Risk and stock valuation calculations

Risk and stock valuation calculations

SOUTHERN NEW HAMPSHIRE UNIVERSITY
Term 17TW1
FIN550:Homework #1 (Risk & Stock Valuation) INSTRUCTOR: Dr. Gary P. Tripp
INSTRUCTIONS: Please answer each of the seven (7) questions below, which covers topics from Chapter 6 (#1 – #3) and Chapter 7 (#4 – #7). If you use Excel to calculate your answers (which is fine by the way), be sure to present your answers to each question on a separate page and hand in your Excel spreadsheet. In other words, I would like to receive your answers in a printed Word file as opposed to a spreadsheet format which often does not format properly as a report which can be easily read. The due date for this homework assignment is next Monday, September 25, 2017. Next week in class we will finish Chapter 7 and also Chapter 5 (Bond Valuation). Your Milestone #2 (which are sections #II and #III) will be due in Module 5 which is Monday, October 2, 2017. Good luck!
1. Using the following information for BuxleyInc.’s stock, calculate their expected return (r), the standard deviation (σ), and the coefficient of variation (CV).

State Probability Return
Boom 20% 40%
Normal 50% 15%
Recession 30% -20%

2. Suppose you hold the following portfolio:

Stock Investment Beta
A $150,000 1.40
B 50,000 0.80
C 100,000 1.00
D 75,000 1.20
Total $375,000

What is your portfolio’s beta based on the data above?

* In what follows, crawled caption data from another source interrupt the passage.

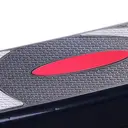 HOMCOM Step fitness aerobic stepper hauteur reglable surface antiderapante 78x29x20 cm image 6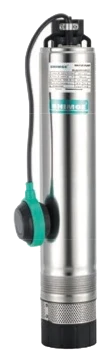Pompe SHIMGE 4NKm, pompe immergée intégrée inox pour puits et cuves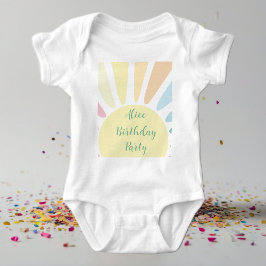 Sunshine Birthday Party Baby T - Shirt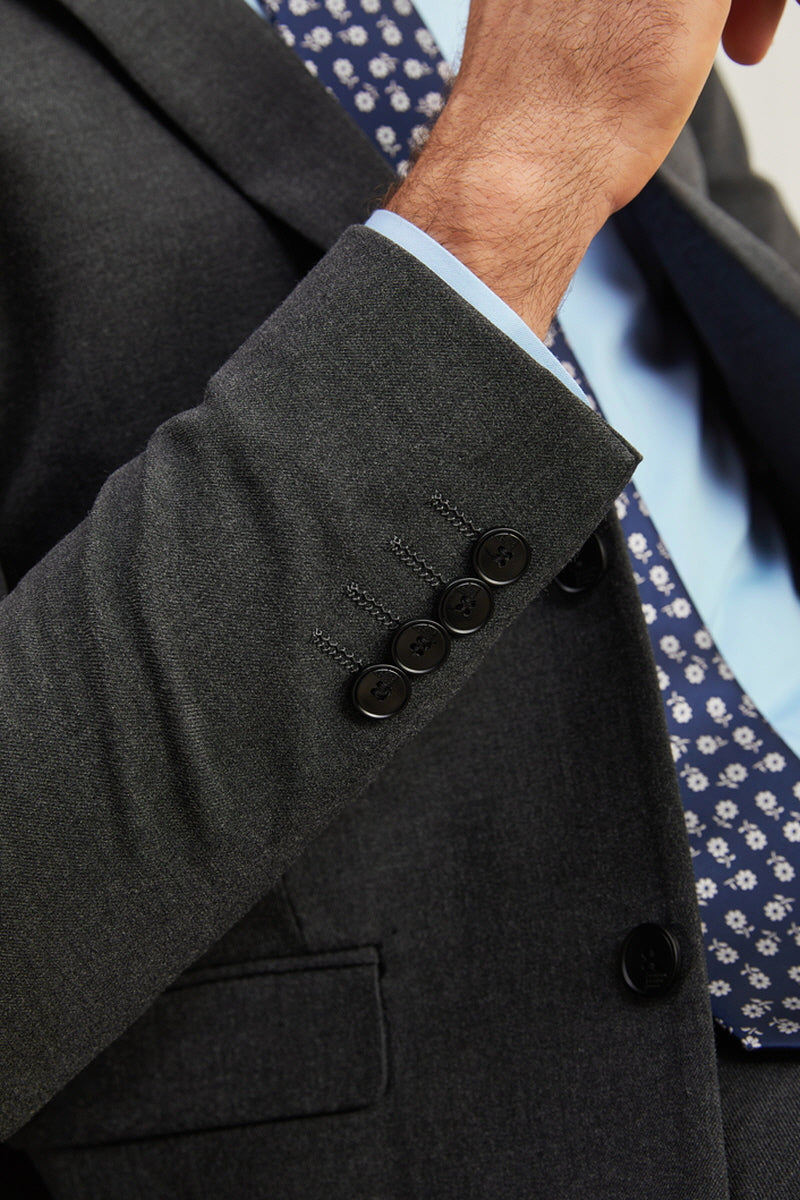 [AJ-MAN'S] REGULAR FIT DARK GRAY SUITS
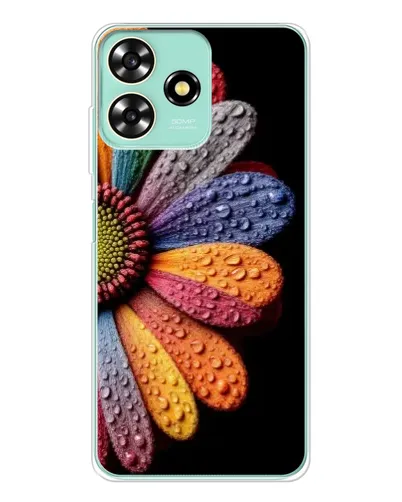 Чохол для ZTE Blade A73 з картинкою «Райдужна квітка» Чохол для ZTE Blade A73 з картинкою «Райдужна квітка»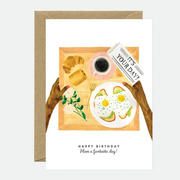 Carte de voeux Anniversaire - Your day breakfast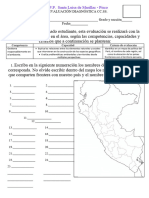 Evaluacion Diagnostica 1ro y 2do Sec CC - SS.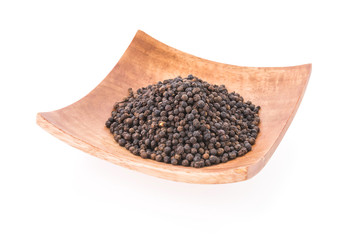 Black pepper isolated on white background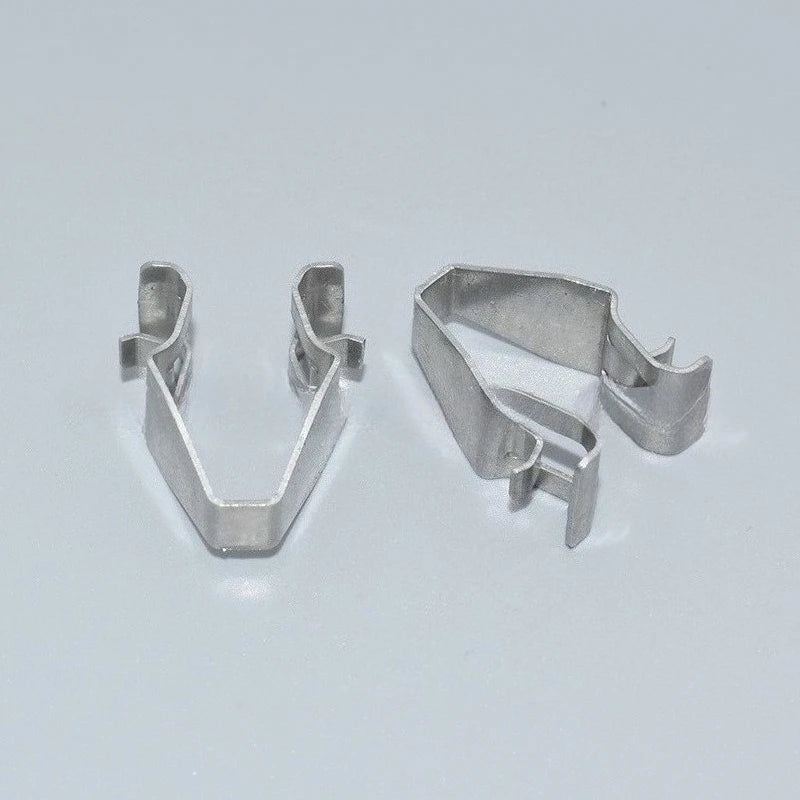10PCS 6R0867633 Car Sun Visor Vanity Mirror Fixing Iron Fastener Clip Bracket for Volkswagen Passat Sagitar Beetle Scirocco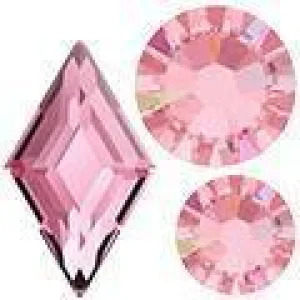 Swarovski Diamond Mix Pack - Light Rose (AB)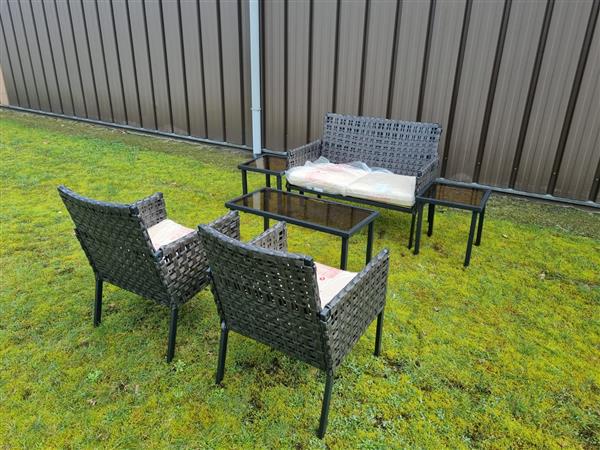 Grote foto tuinset uit faling voorraad beperkt tuin en terras tuinmeubelen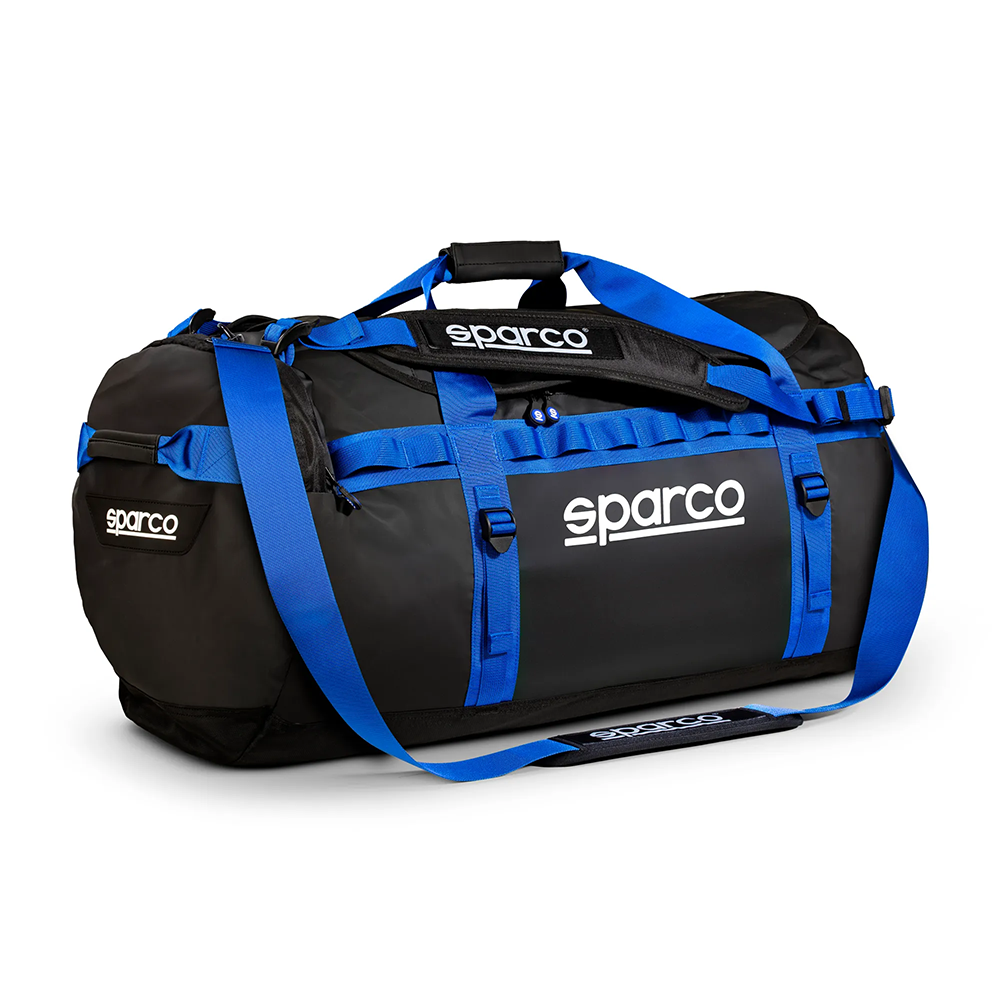 Sac de voyage Sparco Dakar large 3 Dakar-L tas van Sparco in zwart met blauw, zijaanzicht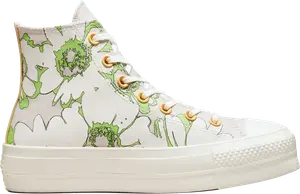 Кроссовки Converse Wmns Chuck Taylor All Star Lift Platform High Crafted Florals, белый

3. Company A has a beta of 0.70, while Company B’s beta is 1.20. The required return on the stock market is 11.00%, and the risk-free rate is 4.25%. What is the difference between A’s and B’s required rates of return? (Hint: First find the market risk premium, then find the required returns on the stocks.)
4. A stock is expected to pay a dividend of $0.75 at the end of the year. The required rate of return is rs = 10.5%, and the expected constant growth rate is g = 6.4%. What is the stock’s current price?

5. If D0 = $2.25, g (which is constant) = 3.5%, and P0 = $50, what is the stock’s expected dividend yield for the coming year?

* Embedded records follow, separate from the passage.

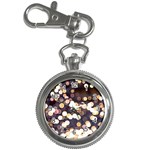 Bright Light Pattern Key Chain Watches Front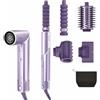 Shark FlexStyle IonCurl multistyler 3 in 1, lilla, HD840EUPU | Potenza ionica e flusso d'aria potente, 2 arricciacapelli COANDA da 32 mm, FrizzFighter, spazzola ovale, custodia.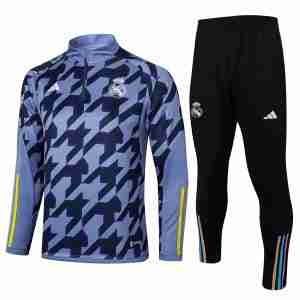 Sudadera De Training Real Madrid 2024 2025 Negro Gris
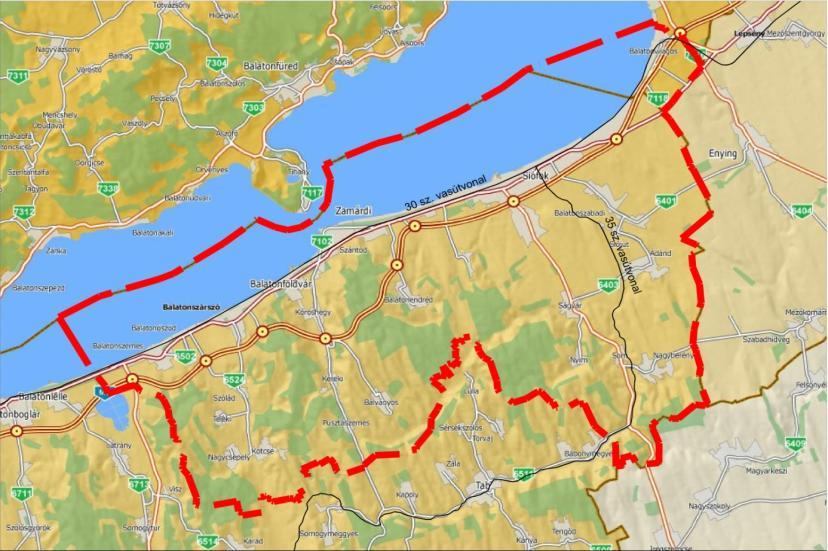 Siófok településfejlesztési koncepciója és integrált településfejlesztési stratégiája 2.15 KÖZLEKEDÉS 2.15.1 Hálózatok és hálózati kapcsolatok Siófokot a páneurópai közlekedési hálózatba az V.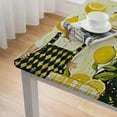 thumbnail image 5 of nygtbtfer Tablecloth Fitted Table Cover,Summer Farm Lemon Waterproof Table Cloth with Elastic Edge,Pastoral Harvest Yellow Lattice Washable Tablecloths for Kitchen Indoor Outdoor Party 36*36, 5 of 8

6. If D1 = $1.25, g (which is constant) = 5.5%, and P0 = $44, what is the stock’s expected total return for the coming year?

7. A company has an outstanding issue of perpetual preferred stock with an annual dividend of $7.50 per share. If the required return on this preferred stock is 6.5%, at what price should the preferred stock sell (Hint: Recall that a preferred stock behaves like a zero-growth stock)?